European LNG supply at risk on U.S. struggle: conference
European LNG buyers might not be able to secure all the LNG they need amid a widening disconnect between buyers and producers.
European LNG buyers might not be able to secure all the LNG they need amid a widening disconnect between buyers and producers faced with rising Capex costs and supply chain challenges, a conference heard.
“Europeans are being extremely complacent…(They) are being naive thinking that they can walk up to U.S. producers with short term commitments,” Vivek Chendra, founder and CEO of Gulfstream LNG and Texas LNG, told the Flame energy conference in Amsterdam on Tuesday.
Gulfstream is a greenfield LNG project under development on the U.S. Gulf Coast.
European buyers “have a public statement that they cannot invest in fossil fuels beyond a certain date, but at same time (liquefaction) projects are based on a financing system” requiring long-term commitments, he said.
Europe has doubled down on LNG import projects in the past year amid security of supply concerns, however climate change targets mean buyers are reluctant to sign long-term commitments.
Against that backdrop, Chinese buyers are becoming crucial in supporting liquefaction projects in the U.S., he said.
Last year saw a raft of long-term contracts being signed with U.S. exporters, with the vast majority involving Asian buyers, he said.
That however is not immediately translating into final investment decisions on new projects in the U.S. amid Capex costs rising 30-40%, struggles to recruit skilled workers and tolling costs remaining at low level, he said.
“Nearly all American projects are being developed by utilities or independent entrepreneurs, we don’t have large balance sheets” he said.

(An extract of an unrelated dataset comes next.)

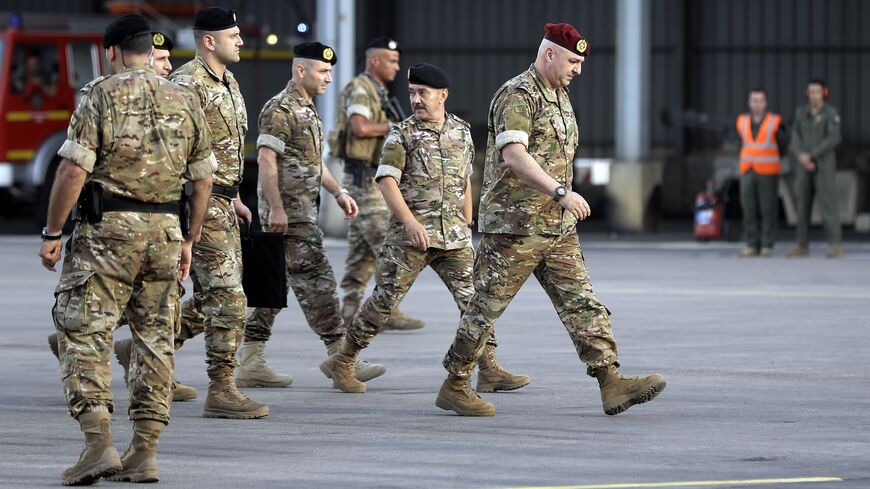 Gen. Joseph Aoun (R), Lebanese Army chief of staff, arrives at the Hamat airbase, north of Beirut, June 12, 2018.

Furthermore, while the U.S. has vast amounts of gas reserves, a key issue is the lack of suitable locations for liquefaction projects, which are mostly being developed in Texas and Louisiana.
The U.S. “is running out of space for new projects” he said, adding that projects were also impacted by European banks pulling out of fossil fuel projects, which was leading to shrinking availability of funding.